One of the most amazing things I discovered was that young Time Lords (within their first five decades) could become one with the vortex. They could, with the right technology, fuse themselves with it. I was of course my own test subject, and those are the means I used to escape the war.
Just teleporting away wouldn't have been enough though. I had to hide from all of time and space, so into a parallel dimension I went. I wouldn't have worked had it not been a parallel dimension. The energy in the vortex would have been too weak in the regular time stream to sustain my 'spirit' (it was actually just a mass of energy and memories held together by the vortex). I had a plan.
My plan was to basically turn myself human, but to do it in a parallel dimension far away from this timeline. I would send my 'spirit' into a still born human baby, and become that child. But I had to be able to escape. When a Time Lord turns human they can only escape if they open the fob watch, but you only notice that fob watch if you get a taste of time travel or something to do with you're old life.
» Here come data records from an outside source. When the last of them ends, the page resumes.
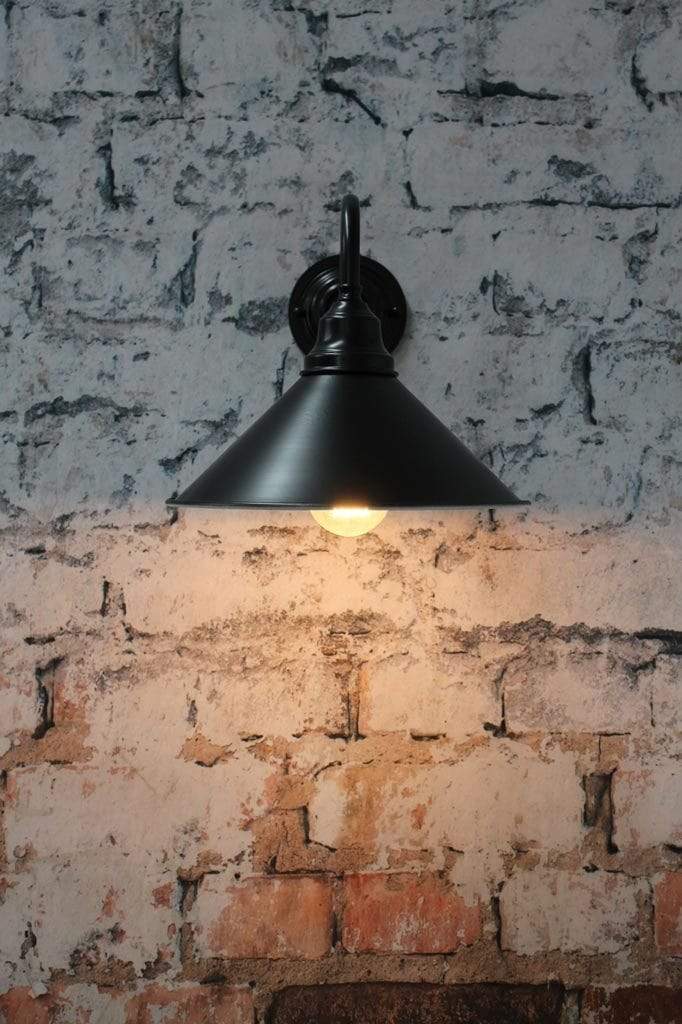 Matt black wall arm with black steel shade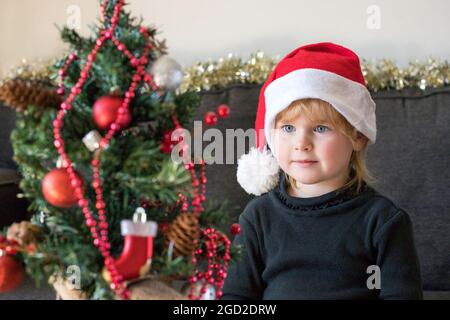 Concetto di preparazione per le festività di Natale e Capodanno. Felice bambino sorridente che decora e guarda l'albero di Natale, indossando abiti e cappello di santa. Foto Stock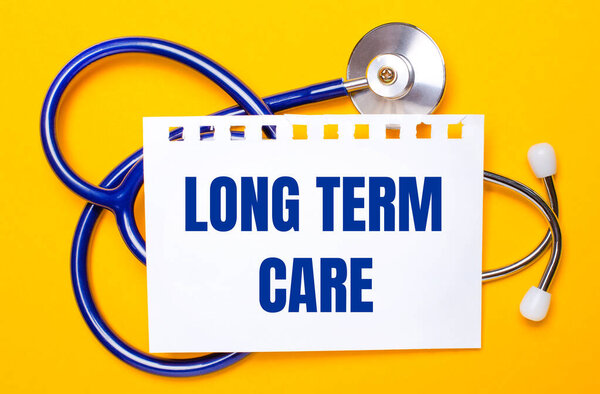 On a bright yellow background, a blue stethoscope and a sheet of paper with the text LONG TERM CARE. Medical concept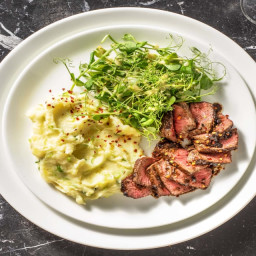 Pan-Fried Sirloin Steak with Black Garlic Butter, Mash and Pea Shoots Salad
That is why I chose The Doctor's duplicate, John Smith. His and Rose's child was still born. Although John Smith was human, he was still too Time Lord to produce a living child. I found them by pure luck, and how fitting that my dad's tenth regeneration's duplicate be my human father. So into the silent babe I went.
The reason why I had to be able to escape my human body is because I was needed. I wasn't being selfish, sending myself to hide. I was preserving the Time Lords. I had sent many, many other young Time Lords into the vortex. At least two hundred. Some of them willing, but most unknowing of my plans. But it had to be done to save Galifrey. To save my people. I accessed their 'spirits' when they were about to die, and fused them with the vortex. It was painful, for I had done it to myself, but it had to be done. I sent them through the vortex, informing their aware 'spirits' of what I had done, and made it so that they would enter into a still born babe.
I was needed to wake all these people up from their human existence. The Time Lords would not be lost forever.